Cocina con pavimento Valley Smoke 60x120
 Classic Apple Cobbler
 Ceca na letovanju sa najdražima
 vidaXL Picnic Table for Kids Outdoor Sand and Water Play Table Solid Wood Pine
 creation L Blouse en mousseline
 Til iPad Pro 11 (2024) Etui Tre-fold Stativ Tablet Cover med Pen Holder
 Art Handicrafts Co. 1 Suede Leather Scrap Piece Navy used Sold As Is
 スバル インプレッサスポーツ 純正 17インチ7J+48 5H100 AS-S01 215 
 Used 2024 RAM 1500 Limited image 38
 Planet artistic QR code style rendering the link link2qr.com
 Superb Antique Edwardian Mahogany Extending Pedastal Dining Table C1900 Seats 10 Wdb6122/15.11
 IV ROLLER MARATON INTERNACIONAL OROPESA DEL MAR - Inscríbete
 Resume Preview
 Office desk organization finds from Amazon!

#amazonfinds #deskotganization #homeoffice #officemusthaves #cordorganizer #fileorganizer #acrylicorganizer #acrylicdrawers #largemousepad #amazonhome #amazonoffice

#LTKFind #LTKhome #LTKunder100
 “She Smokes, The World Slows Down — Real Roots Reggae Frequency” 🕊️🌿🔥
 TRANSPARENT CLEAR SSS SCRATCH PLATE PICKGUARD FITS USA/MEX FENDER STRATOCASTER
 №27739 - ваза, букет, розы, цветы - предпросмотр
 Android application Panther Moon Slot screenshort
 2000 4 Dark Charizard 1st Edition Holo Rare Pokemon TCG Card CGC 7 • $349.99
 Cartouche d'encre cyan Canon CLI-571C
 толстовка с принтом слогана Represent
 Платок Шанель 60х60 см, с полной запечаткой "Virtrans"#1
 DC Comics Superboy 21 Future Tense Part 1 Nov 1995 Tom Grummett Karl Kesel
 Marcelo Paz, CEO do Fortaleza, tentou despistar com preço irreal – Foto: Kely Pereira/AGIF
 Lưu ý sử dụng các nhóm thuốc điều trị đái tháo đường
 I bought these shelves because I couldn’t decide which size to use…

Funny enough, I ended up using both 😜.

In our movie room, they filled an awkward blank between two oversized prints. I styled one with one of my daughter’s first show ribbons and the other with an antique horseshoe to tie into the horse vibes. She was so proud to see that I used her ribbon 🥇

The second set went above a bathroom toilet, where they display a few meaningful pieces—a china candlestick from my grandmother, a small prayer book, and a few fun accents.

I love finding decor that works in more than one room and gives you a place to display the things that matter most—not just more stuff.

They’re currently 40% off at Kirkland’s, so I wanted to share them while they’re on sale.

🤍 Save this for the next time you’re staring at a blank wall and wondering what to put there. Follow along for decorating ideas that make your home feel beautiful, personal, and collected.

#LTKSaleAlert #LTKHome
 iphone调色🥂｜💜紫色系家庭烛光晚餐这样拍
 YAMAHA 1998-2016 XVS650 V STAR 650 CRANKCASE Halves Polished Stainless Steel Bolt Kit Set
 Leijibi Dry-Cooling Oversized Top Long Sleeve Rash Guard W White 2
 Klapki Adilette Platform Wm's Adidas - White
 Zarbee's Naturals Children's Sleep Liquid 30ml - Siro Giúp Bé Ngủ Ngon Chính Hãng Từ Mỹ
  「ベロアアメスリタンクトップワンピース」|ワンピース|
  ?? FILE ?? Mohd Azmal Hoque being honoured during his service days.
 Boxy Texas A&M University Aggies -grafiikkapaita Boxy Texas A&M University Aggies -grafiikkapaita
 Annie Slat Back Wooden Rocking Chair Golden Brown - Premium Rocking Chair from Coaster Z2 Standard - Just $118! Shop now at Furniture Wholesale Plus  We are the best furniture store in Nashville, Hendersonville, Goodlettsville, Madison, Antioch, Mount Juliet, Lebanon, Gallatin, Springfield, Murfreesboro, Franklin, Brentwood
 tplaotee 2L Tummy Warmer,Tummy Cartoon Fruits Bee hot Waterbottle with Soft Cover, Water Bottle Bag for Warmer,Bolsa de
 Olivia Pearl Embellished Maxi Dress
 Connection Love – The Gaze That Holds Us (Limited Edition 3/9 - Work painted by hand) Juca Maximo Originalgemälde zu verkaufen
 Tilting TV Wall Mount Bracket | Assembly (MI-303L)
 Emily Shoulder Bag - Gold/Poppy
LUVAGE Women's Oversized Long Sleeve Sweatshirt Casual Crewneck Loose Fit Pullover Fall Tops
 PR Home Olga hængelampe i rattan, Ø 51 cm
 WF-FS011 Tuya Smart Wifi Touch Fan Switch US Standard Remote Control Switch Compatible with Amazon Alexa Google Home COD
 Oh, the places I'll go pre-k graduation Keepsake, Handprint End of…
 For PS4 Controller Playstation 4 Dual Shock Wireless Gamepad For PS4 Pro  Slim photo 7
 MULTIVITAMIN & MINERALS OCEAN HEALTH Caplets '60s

--

[ABOUT THIS TASK]: Set out the complete listing exactly as shown.

[ANSWER SPACE]:
Cocina con pavimento Valley Smoke 60x120
 Classic Apple Cobbler
 Ceca na letovanju sa najdražima
 vidaXL Picnic Table for Kids Outdoor Sand and Water Play Table Solid Wood Pine
 creation L Blouse en mousseline
 Til iPad Pro 11 (2024) Etui Tre-fold Stativ Tablet Cover med Pen Holder
 Art Handicrafts Co. 1 Suede Leather Scrap Piece Navy used Sold As Is
 スバル インプレッサスポーツ 純正 17インチ7J+48 5H100 AS-S01 215 
 Used 2024 RAM 1500 Limited image 38
 Planet artistic QR code style rendering the link link2qr.com
 Superb Antique Edwardian Mahogany Extending Pedastal Dining Table C1900 Seats 10 Wdb6122/15.11
 IV ROLLER MARATON INTERNACIONAL OROPESA DEL MAR - Inscríbete
 Resume Preview
 Office desk organization finds from Amazon!

#amazonfinds #deskotganization #homeoffice #officemusthaves #cordorganizer #fileorganizer #acrylicorganizer #acrylicdrawers #largemousepad #amazonhome #amazonoffice

#LTKFind #LTKhome #LTKunder100
 “She Smokes, The World Slows Down — Real Roots Reggae Frequency” 🕊️🌿🔥
 TRANSPARENT CLEAR SSS SCRATCH PLATE PICKGUARD FITS USA/MEX FENDER STRATOCASTER
 №27739 - ваза, букет, розы, цветы - предпросмотр
 Android application Panther Moon Slot screenshort
 2000 4 Dark Charizard 1st Edition Holo Rare Pokemon TCG Card CGC 7 • $349.99
 Cartouche d'encre cyan Canon CLI-571C
 толстовка с принтом слогана Represent
 Платок Шанель 60х60 см, с полной запечаткой "Virtrans"#1
 DC Comics Superboy 21 Future Tense Part 1 Nov 1995 Tom Grummett Karl Kesel
 Marcelo Paz, CEO do Fortaleza, tentou despistar com preço irreal – Foto: Kely Pereira/AGIF
 Lưu ý sử dụng các nhóm thuốc điều trị đái tháo đường
 I bought these shelves because I couldn’t decide which size to use…

Funny enough, I ended up using both 😜.

In our movie room, they filled an awkward blank between two oversized prints. I styled one with one of my daughter’s first show ribbons and the other with an antique horseshoe to tie into the horse vibes. She was so proud to see that I used her ribbon 🥇

The second set went above a bathroom toilet, where they display a few meaningful pieces—a china candlestick from my grandmother, a small prayer book, and a few fun accents.

I love finding decor that works in more than one room and gives you a place to display the things that matter most—not just more stuff.

They’re currently 40% off at Kirkland’s, so I wanted to share them while they’re on sale.

🤍 Save this for the next time you’re staring at a blank wall and wondering what to put there. Follow along for decorating ideas that make your home feel beautiful, personal, and collected.

#LTKSaleAlert #LTKHome
 iphone调色🥂｜💜紫色系家庭烛光晚餐这样拍
 YAMAHA 1998-2016 XVS650 V STAR 650 CRANKCASE Halves Polished Stainless Steel Bolt Kit Set
 Leijibi Dry-Cooling Oversized Top Long Sleeve Rash Guard W White 2
 Klapki Adilette Platform Wm's Adidas - White
 Zarbee's Naturals Children's Sleep Liquid 30ml - Siro Giúp Bé Ngủ Ngon Chính Hãng Từ Mỹ
  「ベロアアメスリタンクトップワンピース」|ワンピース|
  ?? FILE ?? Mohd Azmal Hoque being honoured during his service days.
 Boxy Texas A&M University Aggies -grafiikkapaita Boxy Texas A&M University Aggies -grafiikkapaita
 Annie Slat Back Wooden Rocking Chair Golden Brown - Premium Rocking Chair from Coaster Z2 Standard - Just $118! Shop now at Furniture Wholesale Plus  We are the best furniture store in Nashville, Hendersonville, Goodlettsville, Madison, Antioch, Mount Juliet, Lebanon, Gallatin, Springfield, Murfreesboro, Franklin, Brentwood
 tplaotee 2L Tummy Warmer,Tummy Cartoon Fruits Bee hot Waterbottle with Soft Cover, Water Bottle Bag for Warmer,Bolsa de
 Olivia Pearl Embellished Maxi Dress
 Connection Love – The Gaze That Holds Us (Limited Edition 3/9 - Work painted by hand) Juca Maximo Originalgemälde zu verkaufen
 Tilting TV Wall Mount Bracket | Assembly (MI-303L)
 Emily Shoulder Bag - Gold/Poppy
LUVAGE Women's Oversized Long Sleeve Sweatshirt Casual Crewneck Loose Fit Pullover Fall Tops
 PR Home Olga hængelampe i rattan, Ø 51 cm
 WF-FS011 Tuya Smart Wifi Touch Fan Switch US Standard Remote Control Switch Compatible with Amazon Alexa Google Home COD
 Oh, the places I'll go pre-k graduation Keepsake, Handprint End of…
 For PS4 Controller Playstation 4 Dual Shock Wireless Gamepad For PS4 Pro  Slim photo 7
 MULTIVITAMIN & MINERALS OCEAN HEALTH Caplets '60s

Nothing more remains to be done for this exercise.